Ganz zögerlich befahren meine Silben jene Routen,
die sich als lange Serpentinen steil und schutzlos schlängeln
zu dem Teil deines Herzens, der für mehr da ist als Bluten.


xXxXxXxXxXxXxXx
xXxXxXxXxXxXxXx (xXxXxxxXxXxXxXx?)
xXxXxXxXxXxXxXx

In der ersten Strophe erklärt sich sogleich der Titel des Gedichts. Es geht um einen Annäherungsversuch. Das Ich ist – mit Hilfe von Worten („Silben“) – bemüht, sich in das Herz des Du’s zu schlängeln. Was auffällt, ist die Behutsamkeit, mit der das Ich diesen Versuch unternimmt - es geschieht „zögerlich“ und „schutzlos“.
Daraus könnte man schließen, dass das Ich in der Vergangenheit schlechte Erfahrungen gemacht hat und nun Angst hat, erneut enttäuscht zu werden, wenn es sich auf die Pfade der Liebe begibt. Doch scheint es mit diesen Erlebnissen nicht allein dazustehen, denn auch das Du scheint Negatives erfahren zu haben („zu dem Teil deines Herzens, der für mehr da ist als Bluten“).
Daher scheint die Zurückhaltung des Ichs, mit der es den Vorstoß wagt, nur logisch zu sein – es will sich selbst und das Du nicht überfordern – nimmt sich Zeit. Die angesprochenen „Routen“ geben Hinweis, dass es nicht die erste Liebe des Ichs ist, die Straße ist schon befahren und befestigt worden. Die „Serpentinen“ (Schlängellinien) mag ich besonders gern, weil sie als Umwege gedeutet werden können, die man in Kauf nimmt, um sein Ziel letztlich doch zu erreichen.

Verräterische Gesten schlagen kühne Worte nieder,
die sieggewandt sich von der furchtgeseilten Leine rissen.
So fallen sie weit vor dem Ziel in Knechtschaft meiner Glieder.


xXxXxXxXxXxXxXx
xXxXxXxXxXxXxXx
xXxXxXxXxXxXxXx

Hier fragt man sich, was für „verräterische Gesten“ des Du’s gemeint sein könnten, die das Ich in seiner Kühnheit zurückweichen lassen.
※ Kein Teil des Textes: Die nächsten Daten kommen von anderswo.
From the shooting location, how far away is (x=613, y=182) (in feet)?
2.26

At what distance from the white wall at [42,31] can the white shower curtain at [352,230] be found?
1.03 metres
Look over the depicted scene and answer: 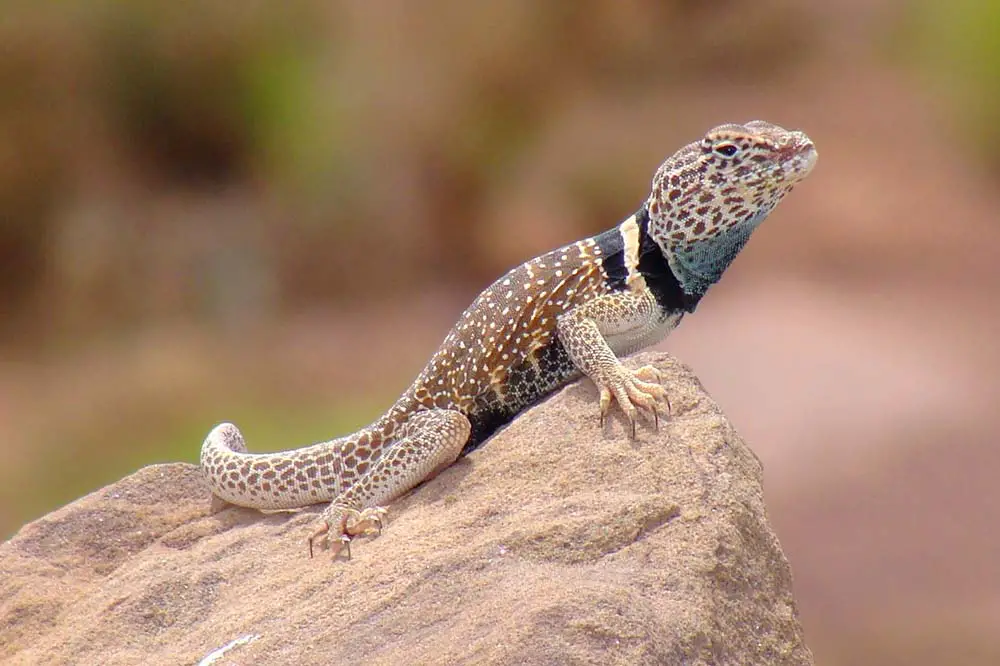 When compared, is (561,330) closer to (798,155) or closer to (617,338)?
(617,338)

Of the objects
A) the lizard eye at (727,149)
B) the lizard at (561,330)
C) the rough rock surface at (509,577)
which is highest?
the lizard eye at (727,149)

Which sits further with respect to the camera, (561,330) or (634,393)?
(561,330)

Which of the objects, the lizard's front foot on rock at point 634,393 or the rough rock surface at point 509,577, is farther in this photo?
the lizard's front foot on rock at point 634,393

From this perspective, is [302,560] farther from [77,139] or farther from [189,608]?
[77,139]

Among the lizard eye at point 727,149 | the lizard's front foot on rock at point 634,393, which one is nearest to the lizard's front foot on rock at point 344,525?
the lizard's front foot on rock at point 634,393

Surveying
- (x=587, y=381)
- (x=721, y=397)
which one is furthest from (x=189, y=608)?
(x=721, y=397)

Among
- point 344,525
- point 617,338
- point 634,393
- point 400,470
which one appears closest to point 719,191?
point 617,338

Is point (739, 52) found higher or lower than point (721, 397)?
higher

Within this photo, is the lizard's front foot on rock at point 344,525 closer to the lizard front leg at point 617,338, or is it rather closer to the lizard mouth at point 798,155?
the lizard front leg at point 617,338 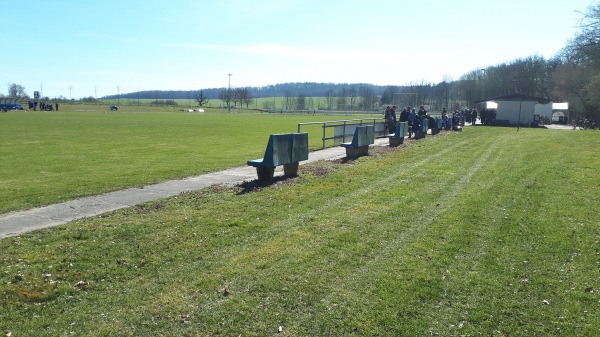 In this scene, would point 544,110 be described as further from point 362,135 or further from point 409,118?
point 362,135

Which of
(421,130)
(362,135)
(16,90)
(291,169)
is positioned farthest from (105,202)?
(16,90)

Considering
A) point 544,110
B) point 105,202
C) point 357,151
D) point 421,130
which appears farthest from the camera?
point 544,110

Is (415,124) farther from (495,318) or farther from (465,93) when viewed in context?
(465,93)

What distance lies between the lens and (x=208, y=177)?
1299 centimetres

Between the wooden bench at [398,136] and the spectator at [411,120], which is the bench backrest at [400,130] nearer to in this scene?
the wooden bench at [398,136]

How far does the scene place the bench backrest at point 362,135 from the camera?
57.1 feet

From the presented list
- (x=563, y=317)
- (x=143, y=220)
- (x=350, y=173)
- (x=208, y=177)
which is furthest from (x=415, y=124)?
(x=563, y=317)

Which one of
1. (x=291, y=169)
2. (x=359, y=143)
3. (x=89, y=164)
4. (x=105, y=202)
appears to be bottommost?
(x=89, y=164)

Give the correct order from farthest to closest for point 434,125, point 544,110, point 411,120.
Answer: point 544,110 < point 434,125 < point 411,120

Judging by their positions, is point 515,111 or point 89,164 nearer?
point 89,164

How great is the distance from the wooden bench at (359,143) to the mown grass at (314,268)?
701 centimetres

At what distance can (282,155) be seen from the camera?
12.4 metres

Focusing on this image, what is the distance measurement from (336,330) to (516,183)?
9244 mm

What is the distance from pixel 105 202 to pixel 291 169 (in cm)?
483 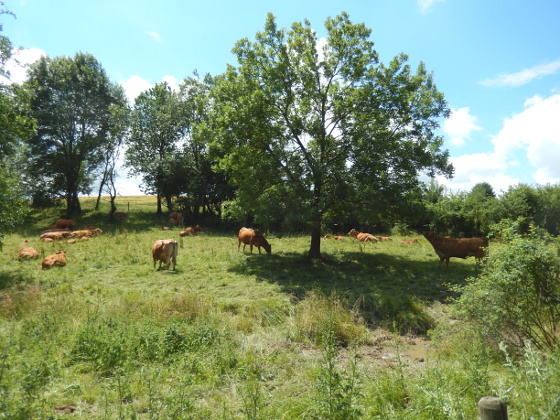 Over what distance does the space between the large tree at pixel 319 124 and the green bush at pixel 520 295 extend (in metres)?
8.47

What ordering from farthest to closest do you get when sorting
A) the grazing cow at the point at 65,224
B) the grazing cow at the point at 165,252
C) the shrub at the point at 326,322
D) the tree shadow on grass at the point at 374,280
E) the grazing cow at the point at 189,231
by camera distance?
the grazing cow at the point at 65,224, the grazing cow at the point at 189,231, the grazing cow at the point at 165,252, the tree shadow on grass at the point at 374,280, the shrub at the point at 326,322

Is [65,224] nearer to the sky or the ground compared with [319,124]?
nearer to the ground

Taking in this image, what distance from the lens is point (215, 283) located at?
1215 cm

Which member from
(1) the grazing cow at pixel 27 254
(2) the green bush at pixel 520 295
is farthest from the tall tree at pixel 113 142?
(2) the green bush at pixel 520 295

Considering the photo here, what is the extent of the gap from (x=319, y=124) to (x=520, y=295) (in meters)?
10.6

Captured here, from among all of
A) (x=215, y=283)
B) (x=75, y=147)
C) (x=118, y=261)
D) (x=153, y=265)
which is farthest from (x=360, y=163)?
(x=75, y=147)

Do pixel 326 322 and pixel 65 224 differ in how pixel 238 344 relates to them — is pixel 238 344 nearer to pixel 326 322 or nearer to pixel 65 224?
pixel 326 322

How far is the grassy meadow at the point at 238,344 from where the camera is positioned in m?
4.30

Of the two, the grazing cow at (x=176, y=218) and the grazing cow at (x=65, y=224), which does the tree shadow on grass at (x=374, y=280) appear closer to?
the grazing cow at (x=176, y=218)

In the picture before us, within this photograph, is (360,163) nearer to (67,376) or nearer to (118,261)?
(118,261)

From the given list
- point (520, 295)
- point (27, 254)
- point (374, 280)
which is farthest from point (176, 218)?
point (520, 295)

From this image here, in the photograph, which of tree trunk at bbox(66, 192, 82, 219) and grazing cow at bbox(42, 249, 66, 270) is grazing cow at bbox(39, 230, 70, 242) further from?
tree trunk at bbox(66, 192, 82, 219)

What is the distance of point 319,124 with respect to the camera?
14.9m

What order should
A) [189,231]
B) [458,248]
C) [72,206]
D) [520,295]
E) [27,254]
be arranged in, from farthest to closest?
1. [72,206]
2. [189,231]
3. [27,254]
4. [458,248]
5. [520,295] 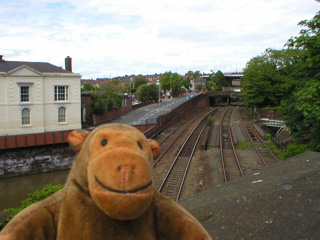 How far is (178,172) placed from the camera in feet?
51.0

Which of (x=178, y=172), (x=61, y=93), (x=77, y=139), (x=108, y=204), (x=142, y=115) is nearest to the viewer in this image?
(x=108, y=204)

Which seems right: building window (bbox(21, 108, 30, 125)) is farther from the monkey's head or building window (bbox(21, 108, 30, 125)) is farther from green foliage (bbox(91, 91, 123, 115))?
the monkey's head

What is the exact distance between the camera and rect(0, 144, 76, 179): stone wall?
830 inches

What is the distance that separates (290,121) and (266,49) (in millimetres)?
28027

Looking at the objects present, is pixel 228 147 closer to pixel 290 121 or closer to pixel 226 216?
pixel 290 121

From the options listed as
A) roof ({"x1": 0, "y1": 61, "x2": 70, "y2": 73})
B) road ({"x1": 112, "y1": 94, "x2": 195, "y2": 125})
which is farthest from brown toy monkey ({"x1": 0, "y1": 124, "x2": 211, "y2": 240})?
road ({"x1": 112, "y1": 94, "x2": 195, "y2": 125})

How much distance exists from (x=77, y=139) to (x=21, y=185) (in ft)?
66.7

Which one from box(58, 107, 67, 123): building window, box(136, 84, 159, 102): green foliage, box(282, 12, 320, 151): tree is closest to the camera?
box(282, 12, 320, 151): tree

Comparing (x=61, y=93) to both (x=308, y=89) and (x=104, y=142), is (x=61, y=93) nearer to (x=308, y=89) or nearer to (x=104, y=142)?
(x=308, y=89)

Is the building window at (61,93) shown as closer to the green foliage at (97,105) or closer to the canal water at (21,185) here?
the green foliage at (97,105)

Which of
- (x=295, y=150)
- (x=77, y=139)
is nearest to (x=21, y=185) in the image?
(x=295, y=150)

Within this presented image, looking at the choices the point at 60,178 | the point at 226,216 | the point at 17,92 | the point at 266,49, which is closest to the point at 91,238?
the point at 226,216

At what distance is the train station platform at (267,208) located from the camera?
21.3ft

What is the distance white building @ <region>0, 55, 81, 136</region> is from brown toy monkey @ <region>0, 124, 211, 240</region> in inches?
931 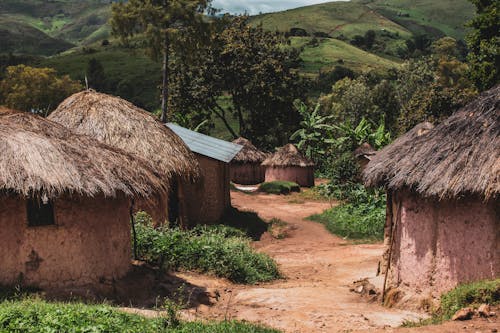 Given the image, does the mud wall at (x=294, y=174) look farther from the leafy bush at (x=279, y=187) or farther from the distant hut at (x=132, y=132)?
the distant hut at (x=132, y=132)

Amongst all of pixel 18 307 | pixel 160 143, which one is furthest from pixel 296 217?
pixel 18 307

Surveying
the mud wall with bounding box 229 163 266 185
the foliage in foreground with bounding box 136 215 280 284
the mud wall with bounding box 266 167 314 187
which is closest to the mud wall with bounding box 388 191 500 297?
the foliage in foreground with bounding box 136 215 280 284

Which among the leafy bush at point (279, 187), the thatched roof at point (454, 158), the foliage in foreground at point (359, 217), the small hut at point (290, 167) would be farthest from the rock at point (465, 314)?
the small hut at point (290, 167)

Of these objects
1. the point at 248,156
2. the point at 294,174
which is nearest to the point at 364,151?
the point at 294,174

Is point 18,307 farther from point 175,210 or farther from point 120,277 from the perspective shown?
point 175,210

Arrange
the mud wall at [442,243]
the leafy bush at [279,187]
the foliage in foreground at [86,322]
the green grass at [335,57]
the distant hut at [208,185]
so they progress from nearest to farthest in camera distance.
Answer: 1. the foliage in foreground at [86,322]
2. the mud wall at [442,243]
3. the distant hut at [208,185]
4. the leafy bush at [279,187]
5. the green grass at [335,57]

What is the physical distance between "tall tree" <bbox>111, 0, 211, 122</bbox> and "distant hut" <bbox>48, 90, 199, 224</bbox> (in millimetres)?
15408

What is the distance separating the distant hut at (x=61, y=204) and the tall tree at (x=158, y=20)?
2054 cm

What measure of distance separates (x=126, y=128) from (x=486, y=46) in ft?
44.3

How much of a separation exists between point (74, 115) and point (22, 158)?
6.24 meters

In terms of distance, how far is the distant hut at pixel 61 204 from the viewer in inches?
367

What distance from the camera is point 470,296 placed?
8492 mm

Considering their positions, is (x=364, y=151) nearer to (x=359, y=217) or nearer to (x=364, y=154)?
(x=364, y=154)

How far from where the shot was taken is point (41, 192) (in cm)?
919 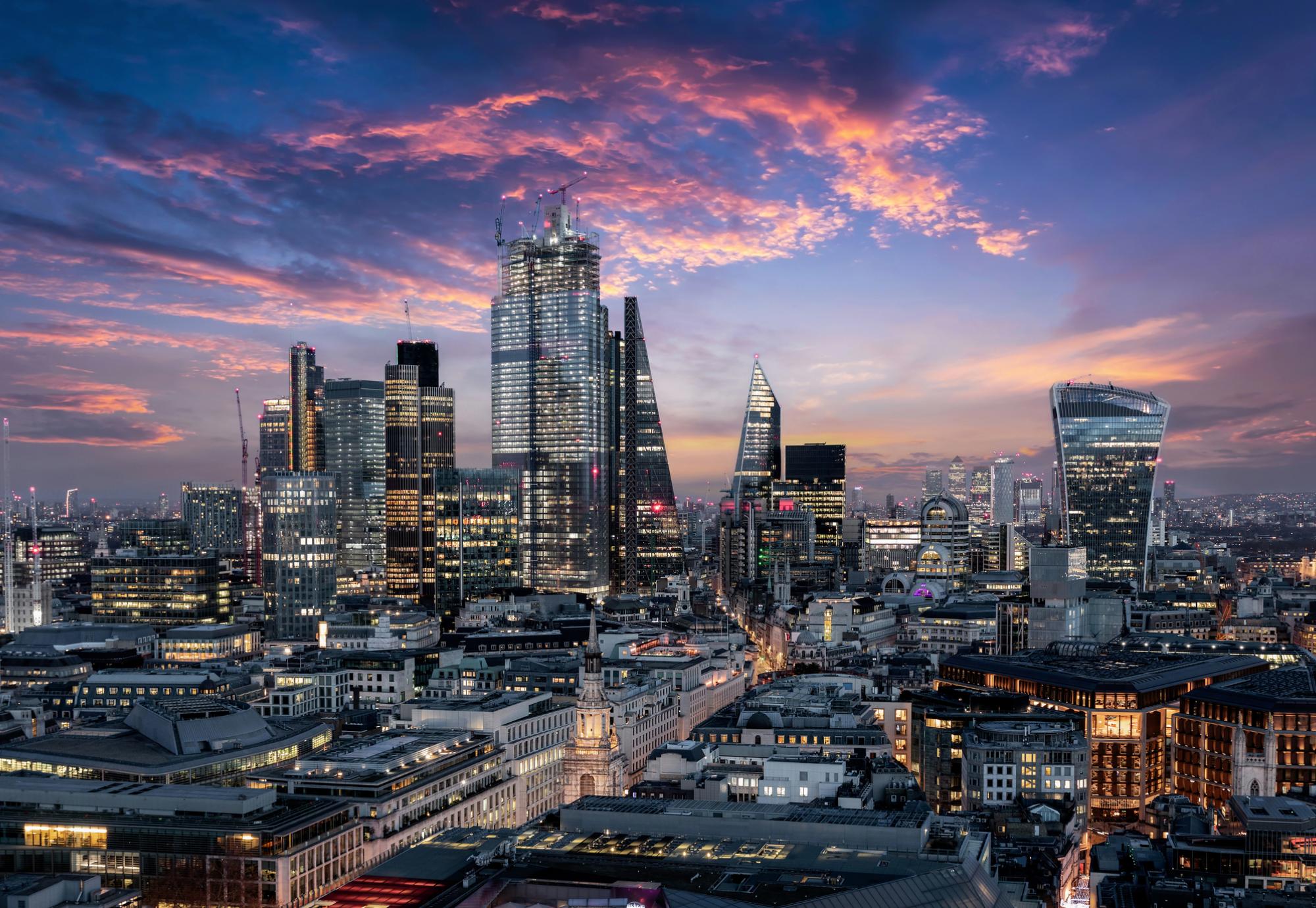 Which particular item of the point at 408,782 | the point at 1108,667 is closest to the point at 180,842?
the point at 408,782

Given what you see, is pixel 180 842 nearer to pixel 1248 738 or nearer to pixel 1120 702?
pixel 1120 702

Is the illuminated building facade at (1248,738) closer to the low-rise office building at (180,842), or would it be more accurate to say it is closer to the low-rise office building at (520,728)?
the low-rise office building at (520,728)

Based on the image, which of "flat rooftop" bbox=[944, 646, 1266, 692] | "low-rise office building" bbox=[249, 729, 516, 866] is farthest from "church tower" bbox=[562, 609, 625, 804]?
"flat rooftop" bbox=[944, 646, 1266, 692]

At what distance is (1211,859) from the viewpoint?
89625 mm

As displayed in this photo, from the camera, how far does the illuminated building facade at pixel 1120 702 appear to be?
134 metres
Ist es ein Gesichtsausdruck, ein Blinzeln, Augenniederschlag, das Übereinanderschlagen der Beine oder Überkreuzen der Arme, was ja für Abwehrhaltung spricht? Da lässt sich vieles denken.
Besonders gelungen finde ich in dieser Strophe die kühnen Worte, die sich „von der furchtgeseilten Leine rissen“. Das untermauert noch mal die besondere Rücksichtnahme des Ichs in seiner Vorgehensweise. Es beobachtet und analysiert die kleinste Reaktion seines Gegenübers und handelt dementsprechend.

Es wird schon Nacht, und schwerer ist der Pfad nun zu erkennen.
Die Fantasie wird müde, und ich hör Gedanken quengeln.
So schicke ich den Geist zur Ruh, lass Worte einfach rennen.


xXxXxXxXxXxXxXx
xXxXxXxXxXxXxXx
xXxXxXxXxXxXxXx

In dieser Strophe merkt man, dass dem Ich das Warten zu lang wird. Es sieht kein Licht mehr und kann den Weg, der zum Ziel führt, nur noch undeutlich erkennen.
Es scheint in seiner Absicht nicht weiterzukommen, steht sich mit seiner Vorsicht vielleicht selbst im Weg. Aus dem dritten Vers lese ich Aufgabe – das Ich weicht von seinem ursprünglichen Plan, behutsam vorzugehen ab, will sich von seinem Geist nicht mehr beschränken lassen und lässt die Worte einfach fließen. Es setzt nun alles auf eine Karte, was gewissermaßen für Verzweiflung spricht, weil es beim Du nicht mehr weiterkommt.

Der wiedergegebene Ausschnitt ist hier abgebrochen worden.